Suatu hari, ia bangun agak kesiangan. Setelah masak nasi dan menyiapkan sarapan bagi isteri dan anak-anak, ia mandi dan mempersiapkan diri untuk pergi ke kantor. Pakaian kotor, yang biasanya dicuci setelah masak nasi tadi, ditunda. “Mungkin, siang saya pulang sebentar untuk cuci pakaian.” Karena waktu juga sudah mepet, piring kotor pun tak sempat dicuci. Dia berpesan kepada isterinya bahwa nanti siang dia pulang sebentar sekalian cuci piring dan pakaian. Dengan mobil ia pertama-tama mengantar anak-anak ke sekolah.


“Pa, nanti jam sepuluh ada pertemuan kepala sekolah dengan orangtua.” Ujar anak tertuanya.

“Di sekolah kami juga ada. Jam 11.30.” Sambung anak kedua.

“Ya, papa akan datang.”

“Pa, hari ini ada acara perpisahan di sekolah. Papa diundang.

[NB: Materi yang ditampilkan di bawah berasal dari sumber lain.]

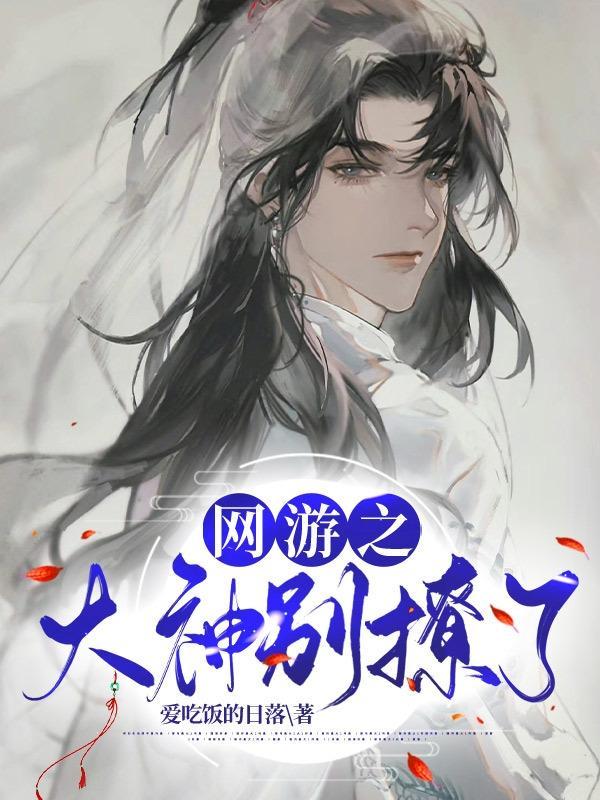 网游之大神别装了攻略第二章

Datang ya?” Pinta anaknya yang bungsu, yang masih duduk di TK.

“Jam berapa sayang?”

“Jam 09.00. Putri ada bawa acara nanti. Papa nonton ya?”

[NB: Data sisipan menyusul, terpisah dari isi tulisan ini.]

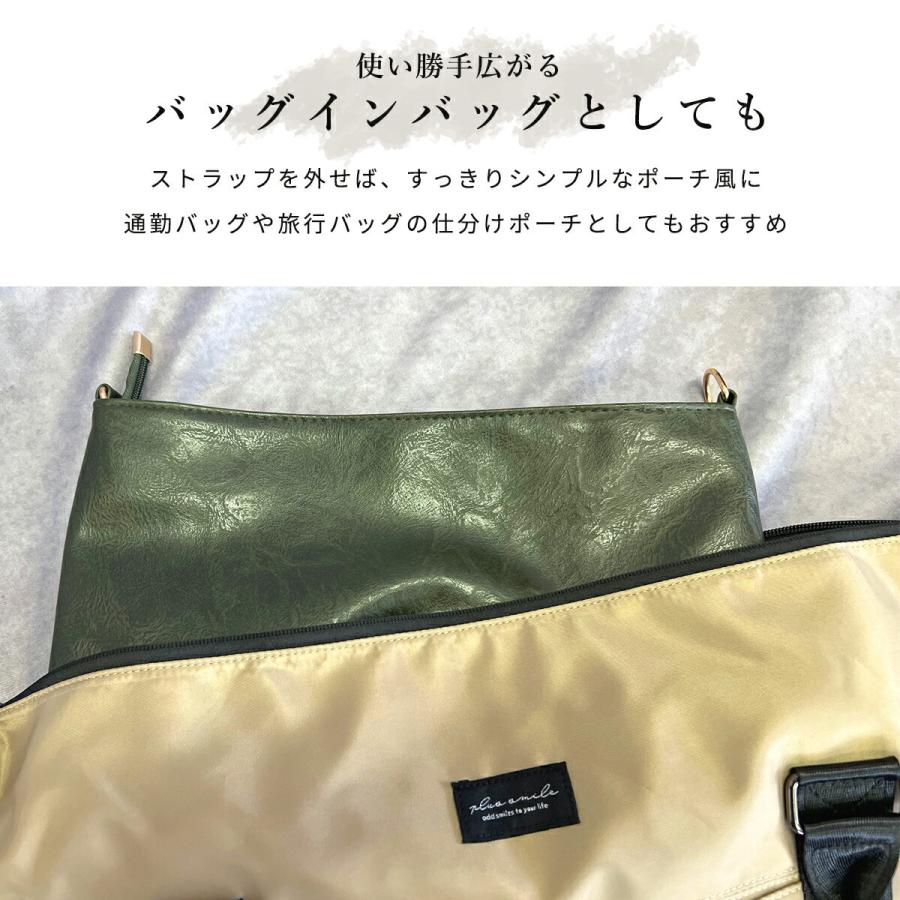 plus smile ショルダーバッグ レディース 斜めがけ 大人 軽量 ペット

“So pasti!” Ujar sang suami sambil melirik arloji tangannya.

Setelah mengantar semua anaknya ke sekolah masing-masing, sang suami melaju ke kantornya. Tepat jam 07.45, ia tiba di sana. Setelah basa-basi dengan rekan kantor sebentar, ia langsung tenggelam dalam kesibukan kantornya.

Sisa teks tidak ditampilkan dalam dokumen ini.